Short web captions

__________________________________________________

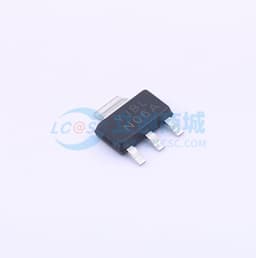 1A LDO 稳压器电路缩略图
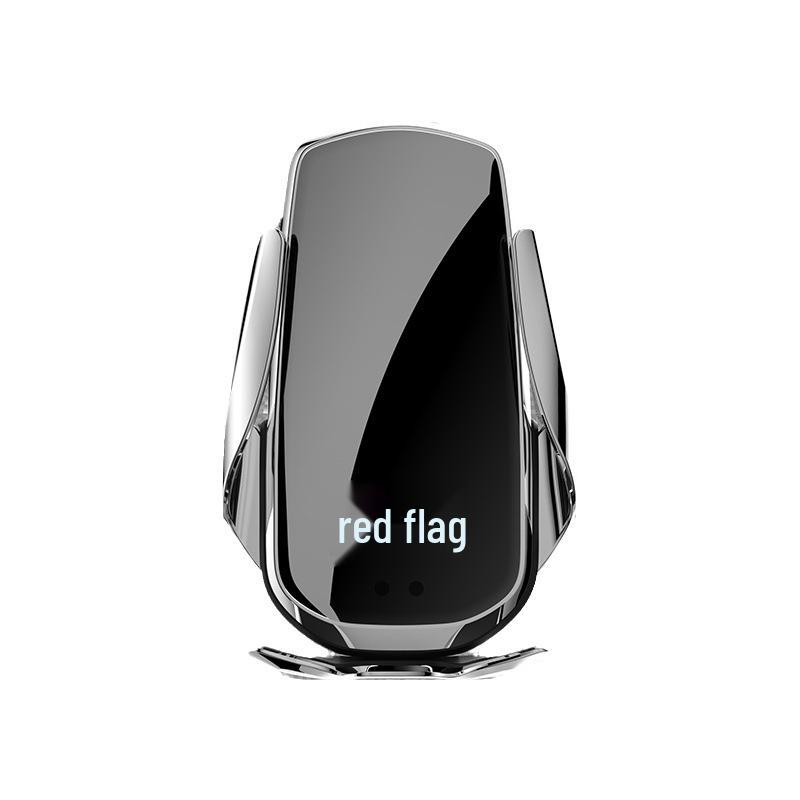 Kabelloses Handy-Ladegerät & Halter für Hongqi H5/E-QM5 Auto-Navigationszubehör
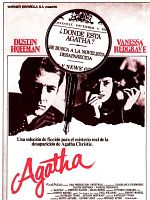 Cartel de Agatha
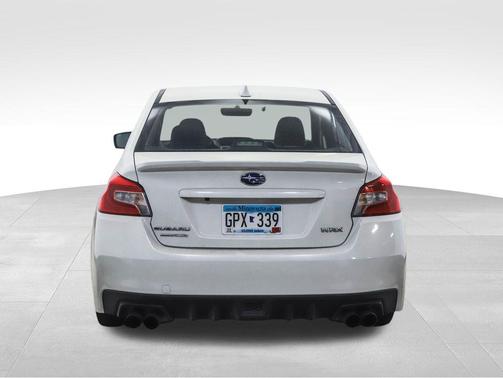 2021 Subaru WRX Base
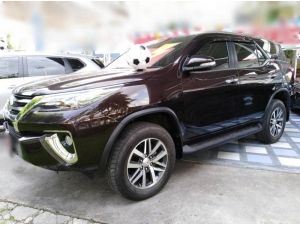 TOYOTA  FORTUNER 2.4V ปี 2015 รูปที่ 2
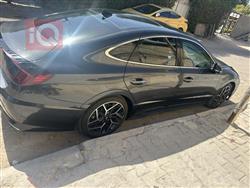 هیوندای سۆناتا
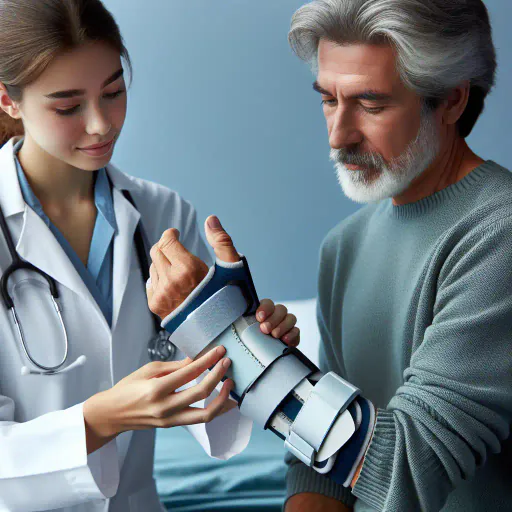 Illustration for Medical Support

__________________________________________________

Work required
Only the lines from the line with "2021 Subaru WRX Base" to the end of the records should be repeated, exactly and without pictures.

Result of this exercise
 2021 Subaru WRX Base
 TOYOTA  FORTUNER 2.4V ปี 2015 รูปที่ 2
 هیوندای سۆناتا
 Illustration for Medical Support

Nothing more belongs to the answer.